= The task =
Repeat the records in full and exactly, omitting pictures.

[Captioned web images]

◆ ◆ ◆

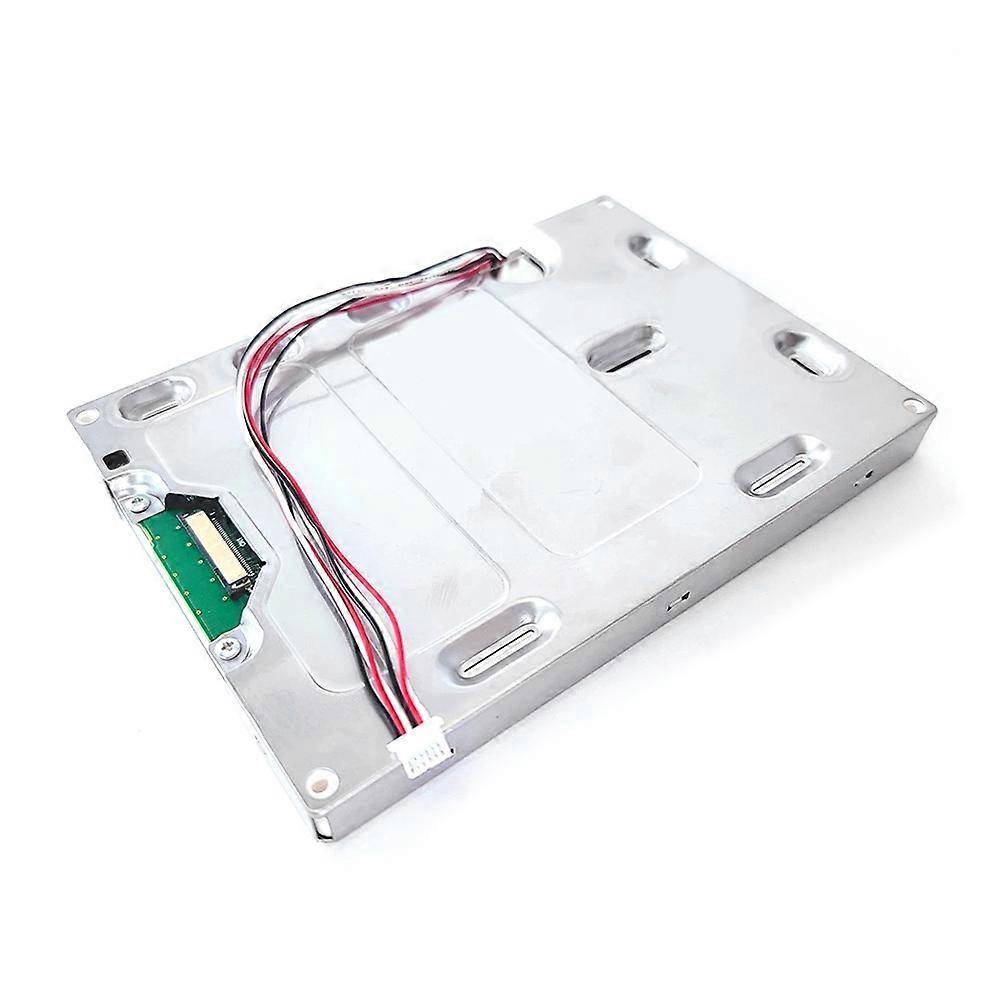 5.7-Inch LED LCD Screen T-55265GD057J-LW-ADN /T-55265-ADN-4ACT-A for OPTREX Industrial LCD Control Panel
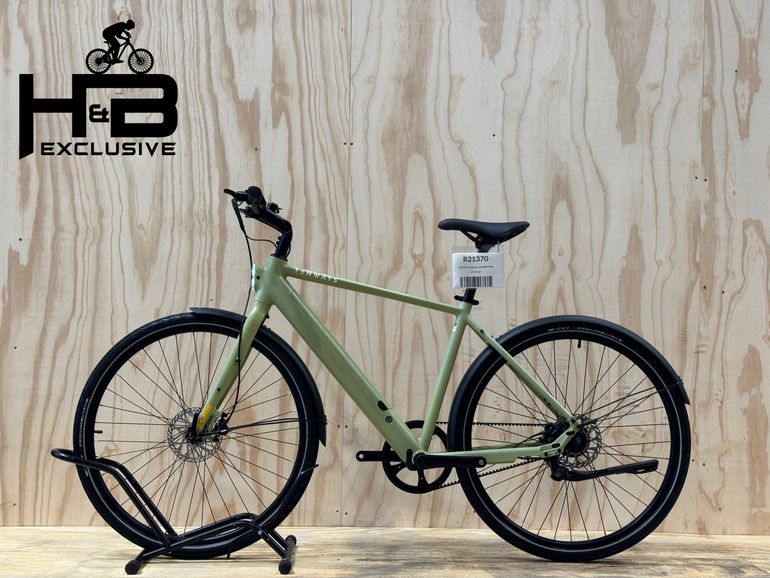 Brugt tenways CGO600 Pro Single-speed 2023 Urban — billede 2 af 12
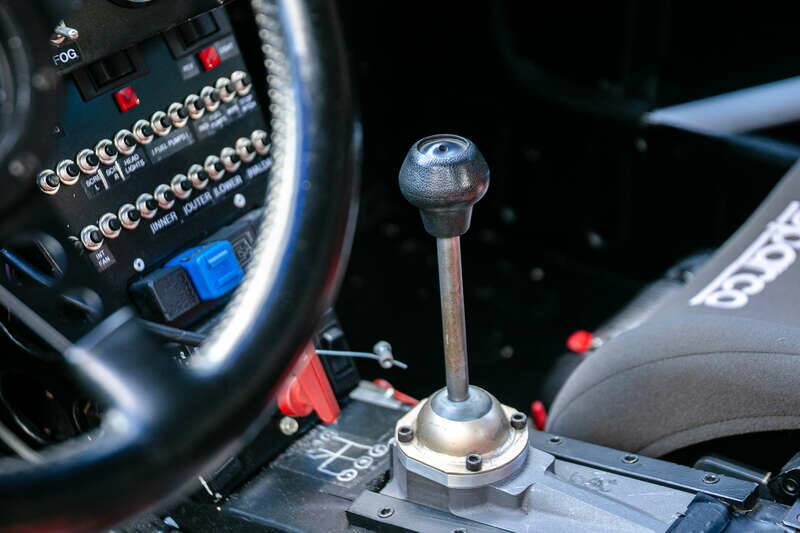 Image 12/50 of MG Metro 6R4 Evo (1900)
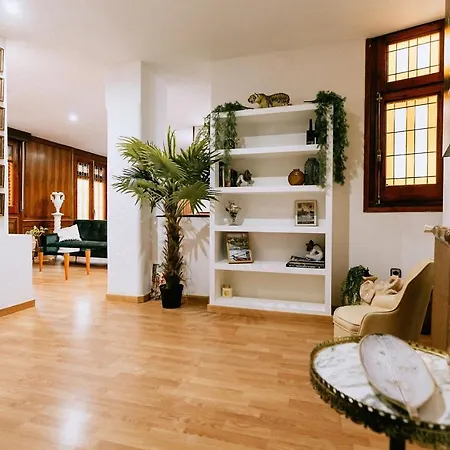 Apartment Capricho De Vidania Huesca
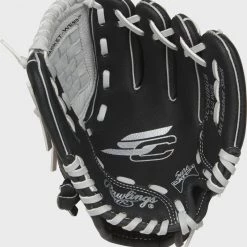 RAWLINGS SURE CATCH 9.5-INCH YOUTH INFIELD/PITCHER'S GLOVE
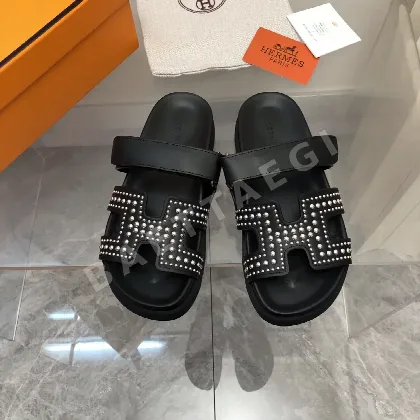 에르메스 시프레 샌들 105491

◆ ◆ ◆

= Your solution =
 5.7-Inch LED LCD Screen T-55265GD057J-LW-ADN /T-55265-ADN-4ACT-A for OPTREX Industrial LCD Control Panel
 Brugt tenways CGO600 Pro Single-speed 2023 Urban — billede 2 af 12
 Image 12/50 of MG Metro 6R4 Evo (1900)
 Apartment Capricho De Vidania Huesca
 RAWLINGS SURE CATCH 9.5-INCH YOUTH INFIELD/PITCHER'S GLOVE
 에르메스 시프레 샌들 105491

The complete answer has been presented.